WHAT IS BEING ASKED >>
Give again, word for word, each line below starting at the one that contains "Dark brown terracotta" and ending at the one that contains "Burnt orange below-the-knee sweater skirt".

___ DATASET EXTRACT

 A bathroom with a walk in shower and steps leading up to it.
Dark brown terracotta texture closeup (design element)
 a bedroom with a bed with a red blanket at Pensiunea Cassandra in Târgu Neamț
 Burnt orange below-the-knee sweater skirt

______
___ DATASET EXTRACT

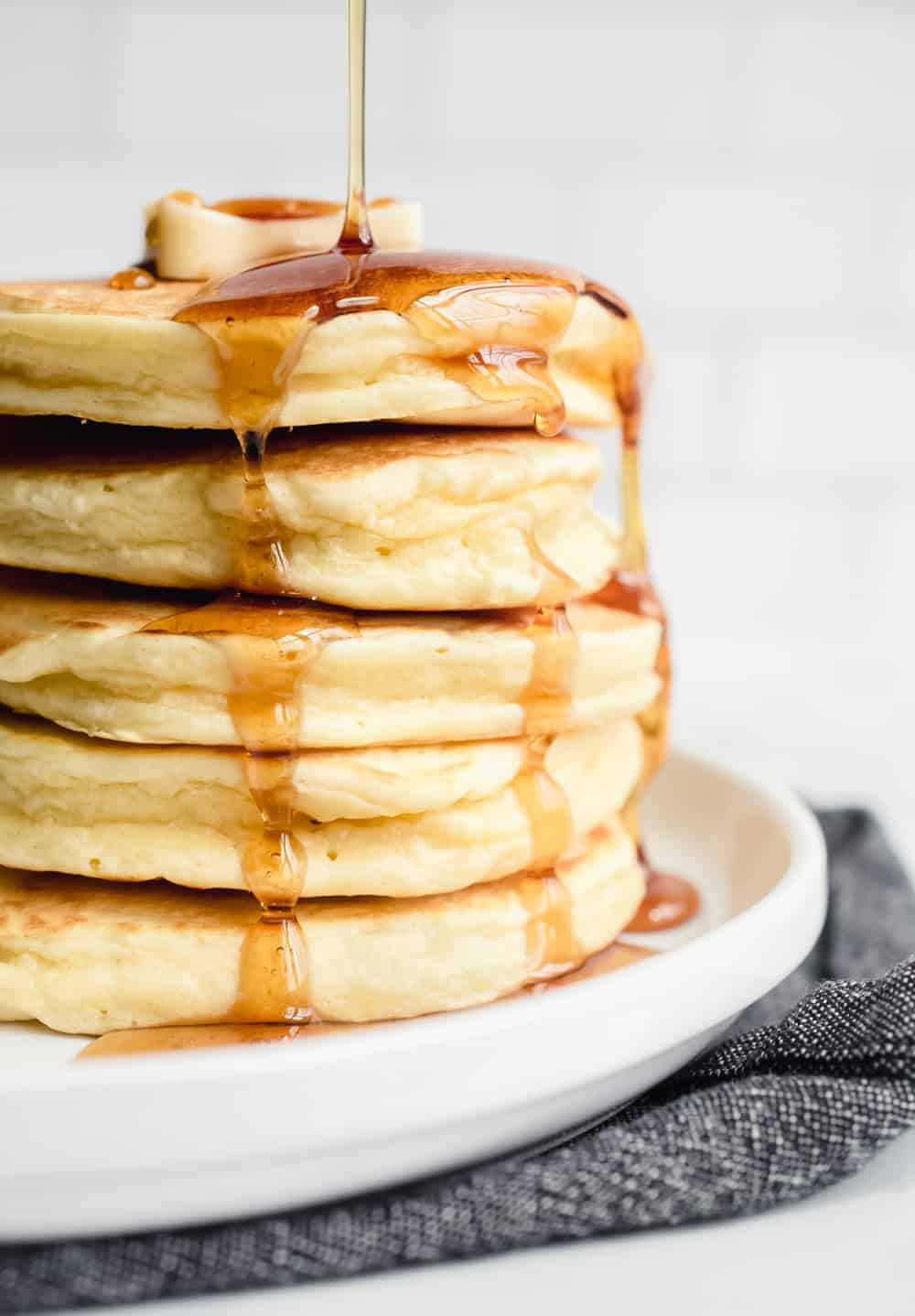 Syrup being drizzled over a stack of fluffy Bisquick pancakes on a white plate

______

RESPONSE >>
Dark brown terracotta texture closeup (design element)
 a bedroom with a bed with a red blanket at Pensiunea Cassandra in Târgu Neamț
 Burnt orange below-the-knee sweater skirt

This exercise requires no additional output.